Various civilisations have called Spain home over the centuries, including the Phoenicians, the Romans, the Celts and the Moors, and all left their mark along the way.
The Roman imprint in Spain is impossible to miss. Town walls, amphitheatres, aqueducts, dams, bridges and baths are just some of the structures built by the Romans that remain standing in all corners of the country. To behold this Roman past in all its glory, look no further than cities such as Tarragona and Barcelona in Catalonia, Segovia near Madrid, and Cáceres and Mérida in Extremadura. As for the intangible influences, these start with the Spanish language itself, an offspring of Latin, and the spread of Christianity.
Yet although it is renowned as a Catholic country today, we must not forget that large parts of Spain stood under Islamic rule for some eight centuries after the Romans, and traces of this Moorish heritage can be found throughout Spanish culture. It is not for nothing that a significant proportion of the Spanish vocabulary comes from Arabic, including everyday words like arroz meaning rice, a staple of the Spanish diet.
The most obvious examples of this history are in the south of Spain in Andalusia, or Al-Andalus as it was known when the region was ruled by the Moors, as epitomised by the beautiful Great Mosque-Cathedral in Cordoba and the breathtaking Alhambra Palace in Granada, formerly home to several sultans.
Here, as elsewhere, the Islamic architecture rubs shoulders with Western elements, as after the Christian Reconquista both buildings were enlarged and altered, incorporating Renaissance and Baroque features.
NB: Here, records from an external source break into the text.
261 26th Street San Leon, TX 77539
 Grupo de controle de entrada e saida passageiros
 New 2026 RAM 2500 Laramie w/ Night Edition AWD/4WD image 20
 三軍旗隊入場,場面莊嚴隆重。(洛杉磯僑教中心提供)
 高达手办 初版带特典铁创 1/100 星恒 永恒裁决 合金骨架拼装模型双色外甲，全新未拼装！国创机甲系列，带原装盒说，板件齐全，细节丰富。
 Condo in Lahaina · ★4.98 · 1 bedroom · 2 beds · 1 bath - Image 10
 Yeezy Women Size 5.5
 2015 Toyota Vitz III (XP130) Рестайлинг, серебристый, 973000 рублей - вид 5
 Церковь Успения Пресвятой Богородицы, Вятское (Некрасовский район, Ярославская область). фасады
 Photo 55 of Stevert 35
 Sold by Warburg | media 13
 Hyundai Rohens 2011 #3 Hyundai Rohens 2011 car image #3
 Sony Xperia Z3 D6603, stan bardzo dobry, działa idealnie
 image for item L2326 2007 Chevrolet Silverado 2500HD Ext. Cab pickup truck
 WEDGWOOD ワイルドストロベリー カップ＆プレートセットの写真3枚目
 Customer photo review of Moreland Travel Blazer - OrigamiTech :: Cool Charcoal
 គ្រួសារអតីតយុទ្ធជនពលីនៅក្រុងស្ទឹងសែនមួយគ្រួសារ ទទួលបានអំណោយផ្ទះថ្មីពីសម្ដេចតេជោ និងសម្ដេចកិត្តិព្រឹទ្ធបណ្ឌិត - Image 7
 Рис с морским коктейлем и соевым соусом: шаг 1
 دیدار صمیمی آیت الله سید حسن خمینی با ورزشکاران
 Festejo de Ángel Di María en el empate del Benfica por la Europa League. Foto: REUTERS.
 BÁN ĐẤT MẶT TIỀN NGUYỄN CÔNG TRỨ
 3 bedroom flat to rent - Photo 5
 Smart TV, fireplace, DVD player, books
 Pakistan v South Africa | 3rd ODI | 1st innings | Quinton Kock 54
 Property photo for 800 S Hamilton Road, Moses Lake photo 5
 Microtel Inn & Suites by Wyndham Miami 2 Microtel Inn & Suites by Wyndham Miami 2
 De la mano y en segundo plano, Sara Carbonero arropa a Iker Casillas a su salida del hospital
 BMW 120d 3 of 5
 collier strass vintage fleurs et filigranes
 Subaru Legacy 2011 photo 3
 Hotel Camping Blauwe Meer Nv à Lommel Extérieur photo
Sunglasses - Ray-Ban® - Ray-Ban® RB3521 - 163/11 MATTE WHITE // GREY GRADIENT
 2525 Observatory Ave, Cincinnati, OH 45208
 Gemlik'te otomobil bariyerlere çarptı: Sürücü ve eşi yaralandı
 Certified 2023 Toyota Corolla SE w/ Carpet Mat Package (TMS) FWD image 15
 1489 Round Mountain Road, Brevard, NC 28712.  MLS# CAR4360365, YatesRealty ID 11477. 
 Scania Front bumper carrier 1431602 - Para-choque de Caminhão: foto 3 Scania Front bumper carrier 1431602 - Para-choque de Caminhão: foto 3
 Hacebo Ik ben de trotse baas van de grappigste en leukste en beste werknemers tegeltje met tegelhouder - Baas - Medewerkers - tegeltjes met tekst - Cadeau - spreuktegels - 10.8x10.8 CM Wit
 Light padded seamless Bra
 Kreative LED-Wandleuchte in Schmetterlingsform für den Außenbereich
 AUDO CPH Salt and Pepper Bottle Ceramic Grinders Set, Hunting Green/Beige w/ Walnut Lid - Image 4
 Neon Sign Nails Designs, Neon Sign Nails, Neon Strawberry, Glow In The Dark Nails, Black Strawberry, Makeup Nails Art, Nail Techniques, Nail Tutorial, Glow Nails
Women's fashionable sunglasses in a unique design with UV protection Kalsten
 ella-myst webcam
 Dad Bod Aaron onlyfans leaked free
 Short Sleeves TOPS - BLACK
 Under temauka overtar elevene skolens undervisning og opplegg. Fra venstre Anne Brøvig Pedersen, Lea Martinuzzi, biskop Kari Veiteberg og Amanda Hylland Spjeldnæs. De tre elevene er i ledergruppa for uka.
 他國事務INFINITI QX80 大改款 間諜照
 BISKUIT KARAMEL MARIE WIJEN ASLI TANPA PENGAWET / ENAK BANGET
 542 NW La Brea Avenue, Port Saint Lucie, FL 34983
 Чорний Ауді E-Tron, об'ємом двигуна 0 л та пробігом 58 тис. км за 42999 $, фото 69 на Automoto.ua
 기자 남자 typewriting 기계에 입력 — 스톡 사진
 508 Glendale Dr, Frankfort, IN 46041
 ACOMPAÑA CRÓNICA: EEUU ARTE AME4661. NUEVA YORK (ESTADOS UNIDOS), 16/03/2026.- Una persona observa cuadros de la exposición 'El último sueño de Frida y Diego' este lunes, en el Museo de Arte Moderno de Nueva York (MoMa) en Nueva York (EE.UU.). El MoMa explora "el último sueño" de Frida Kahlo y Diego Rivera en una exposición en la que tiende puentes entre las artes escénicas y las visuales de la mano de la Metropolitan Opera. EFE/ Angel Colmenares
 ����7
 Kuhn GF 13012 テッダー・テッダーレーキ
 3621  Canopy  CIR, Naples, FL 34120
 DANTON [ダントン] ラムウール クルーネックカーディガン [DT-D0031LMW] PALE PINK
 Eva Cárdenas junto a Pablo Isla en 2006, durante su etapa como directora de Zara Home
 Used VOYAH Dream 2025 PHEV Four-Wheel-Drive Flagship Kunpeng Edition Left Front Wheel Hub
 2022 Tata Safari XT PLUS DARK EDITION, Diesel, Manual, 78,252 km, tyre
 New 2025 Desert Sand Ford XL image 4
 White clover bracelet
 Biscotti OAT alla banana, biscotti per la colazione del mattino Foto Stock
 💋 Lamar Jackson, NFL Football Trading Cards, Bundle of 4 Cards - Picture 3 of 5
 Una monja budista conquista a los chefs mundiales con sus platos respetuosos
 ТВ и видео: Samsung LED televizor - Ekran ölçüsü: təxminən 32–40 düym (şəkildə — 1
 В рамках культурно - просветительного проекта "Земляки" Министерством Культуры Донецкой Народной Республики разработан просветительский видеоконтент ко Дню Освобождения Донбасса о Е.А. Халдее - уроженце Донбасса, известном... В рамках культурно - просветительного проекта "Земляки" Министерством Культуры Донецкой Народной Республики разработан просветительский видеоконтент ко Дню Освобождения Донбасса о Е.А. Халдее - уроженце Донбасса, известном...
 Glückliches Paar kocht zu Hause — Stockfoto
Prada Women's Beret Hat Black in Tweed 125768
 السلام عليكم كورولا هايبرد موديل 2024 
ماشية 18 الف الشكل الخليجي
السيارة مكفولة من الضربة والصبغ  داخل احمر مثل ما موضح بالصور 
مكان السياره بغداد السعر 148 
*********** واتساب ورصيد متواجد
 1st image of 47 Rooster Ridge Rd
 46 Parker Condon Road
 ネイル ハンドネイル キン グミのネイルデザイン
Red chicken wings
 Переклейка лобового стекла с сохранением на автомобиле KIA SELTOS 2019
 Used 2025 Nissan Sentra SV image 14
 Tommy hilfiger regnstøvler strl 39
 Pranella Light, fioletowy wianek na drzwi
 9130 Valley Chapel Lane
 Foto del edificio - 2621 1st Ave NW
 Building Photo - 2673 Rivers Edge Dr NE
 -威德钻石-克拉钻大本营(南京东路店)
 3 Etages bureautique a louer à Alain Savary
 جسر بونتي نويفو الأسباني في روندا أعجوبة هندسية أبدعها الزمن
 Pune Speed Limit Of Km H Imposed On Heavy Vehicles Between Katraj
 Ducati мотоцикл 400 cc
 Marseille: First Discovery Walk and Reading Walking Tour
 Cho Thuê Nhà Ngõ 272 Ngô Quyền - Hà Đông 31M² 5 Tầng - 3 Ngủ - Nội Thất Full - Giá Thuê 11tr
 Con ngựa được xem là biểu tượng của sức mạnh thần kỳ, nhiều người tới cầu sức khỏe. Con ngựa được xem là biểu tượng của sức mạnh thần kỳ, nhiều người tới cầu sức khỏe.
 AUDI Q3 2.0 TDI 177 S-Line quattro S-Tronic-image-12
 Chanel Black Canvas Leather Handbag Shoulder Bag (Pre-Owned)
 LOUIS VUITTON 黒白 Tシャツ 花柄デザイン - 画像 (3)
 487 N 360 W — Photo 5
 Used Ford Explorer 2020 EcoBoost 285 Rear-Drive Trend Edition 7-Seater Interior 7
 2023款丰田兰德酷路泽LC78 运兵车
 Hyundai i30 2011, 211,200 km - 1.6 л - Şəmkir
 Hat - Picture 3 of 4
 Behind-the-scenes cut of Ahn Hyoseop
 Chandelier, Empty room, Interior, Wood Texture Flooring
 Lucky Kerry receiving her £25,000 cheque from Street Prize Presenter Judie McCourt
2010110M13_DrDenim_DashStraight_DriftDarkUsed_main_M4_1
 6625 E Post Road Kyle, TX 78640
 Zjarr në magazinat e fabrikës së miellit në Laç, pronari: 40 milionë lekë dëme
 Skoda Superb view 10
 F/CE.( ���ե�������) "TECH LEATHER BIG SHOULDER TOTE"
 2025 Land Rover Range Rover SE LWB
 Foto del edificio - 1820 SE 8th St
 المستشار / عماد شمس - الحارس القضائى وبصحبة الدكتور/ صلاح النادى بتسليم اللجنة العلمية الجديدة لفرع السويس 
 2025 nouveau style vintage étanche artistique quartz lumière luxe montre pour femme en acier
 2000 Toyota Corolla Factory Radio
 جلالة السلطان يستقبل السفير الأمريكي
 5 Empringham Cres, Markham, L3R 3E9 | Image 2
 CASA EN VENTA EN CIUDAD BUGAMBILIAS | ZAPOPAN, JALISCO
This fusion is so common across Spain that an adjective exists to describe it, Mudéjar (itself a word with Arabic origins), and hundreds of buildings all over the country fit this description, foremost among them the Alcázar in Seville, Zaragoza's Aljafería Palace and La Seo Cathedral, and several towers in Teruel.
Toledo takes this hybridity to a whole new level, hence its nickname, the City of Three Cultures, referring to the Christian, Muslim and Jewish communities that lived and thrived alongside one another for centuries. This mixture gave rise to a blossoming cultural scene that famously attracted El Greco, the great artist with whom the city is now also synonymous.
Besides the Romans, Moors and indeed Jews, we also see evidence of Celtic and Phoenician presence in a range of places. For instance, the bagpipes are played in modern-day Asturias and Galicia, in north-west Spain, where the Celtic symbol of the triskele is a common sight. Meanwhile Cádiz, potentially the oldest city in Western Europe, was founded by the Phoenicians, who were also responsible for structures like the Puig des Molins necropolis on the island of Ibiza, whose very name derives from the Phoenician Ibosim.
With such an assorted past, it should be no surprise that modern Spain is equally diverse. On this note, while the country has fervently embraced modernity and cosmopolitanism – as symbolised by buildings like the Guggenheim Museum in Bilbao and Valencia's City of Arts and Science, and by the sophisticated facilities that greet visitors – that does not mean that local and regional flavour has been lost. The different languages and dialects spoken in the various regions – including Catalan, Basque, Galician, Valencian and Asturian –, not to mention the different accents, are just the tip of the iceberg in this respect. Different cultural traditions and customs continue to abound and fascinate, from food to festivals, from music to dance, and from architecture to the arts.
In conclusion, Spain is home to a rich and constantly developing culture which springs from an endlessly fascinating history.